Gravel is being dumped from a conveyor belt at a rate of 20 ft3/min, and its coarseness is such that it forms a pile in the shape of a cone whose base diameter and height are always equal. How fast is the height of the pile increasing when the pile is 7 ft high?
To find the rate at which the height of the pile is increasing, we need to use related rates and apply the formula for the volume of a cone.
Let's denote the height of the pile as h, and the radius of the pile (and consequently the base diameter) as r. Since the base diameter and height are always equal, we have r = h.

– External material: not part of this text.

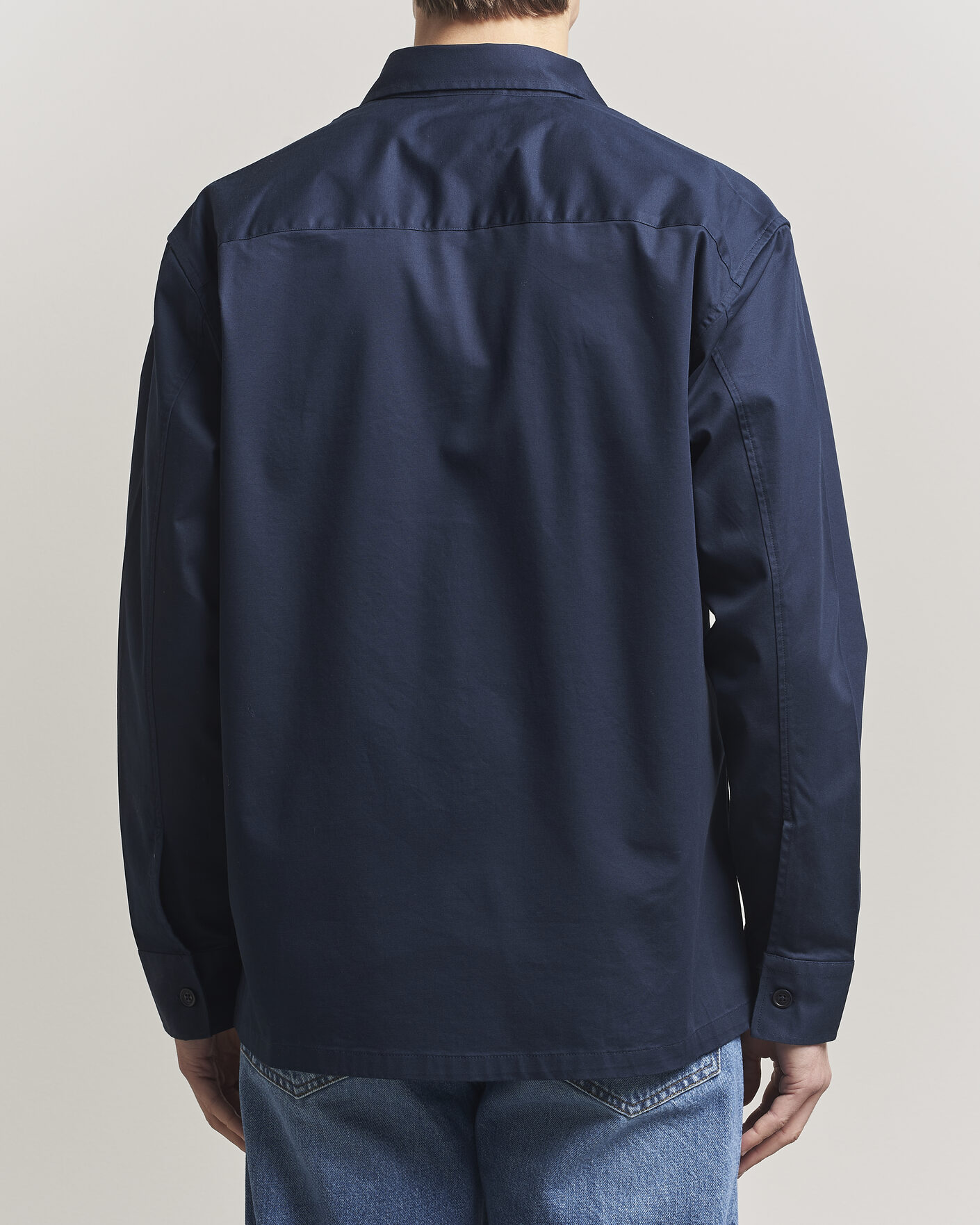 Heren | Overhemden | NN07 | Freddy Cotton Overshirt Navy Blue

The volume of a cone can be expressed as V = (1/3) * π * r^2 * h. Since r = h, we can simplify the formula to V = (1/3) * π * h^3.
We are given that the gravel is being dumped at a rate of 20 ft^3/min. This means that the rate of change of the volume of the pile with respect to time, dV/dt, is 20 ft^3/min.
Using the chain rule, we can find an expression for dV/dt in terms of dh/dt, the rate at which the height is changing:
dV/dt = dV/dh * dh/dt
To find dV/dh, we differentiate V = (1/3) * π * h^3 with respect to h:
dV/dh = π * h^2
Now we can substitute the given values and solve for dh/dt:
20 = π * h^2 * dh/dt
To find the height of the pile when it is 7 ft high, we substitute h = 7 into the equation:
20 = π * 7^2 * dh/dt
Simplifying further:
dh/dt = 20 / (49π)
Therefore, the height of the pile is increasing at a rate of (20 / (49π)) ft/min when the pile is 7 ft high.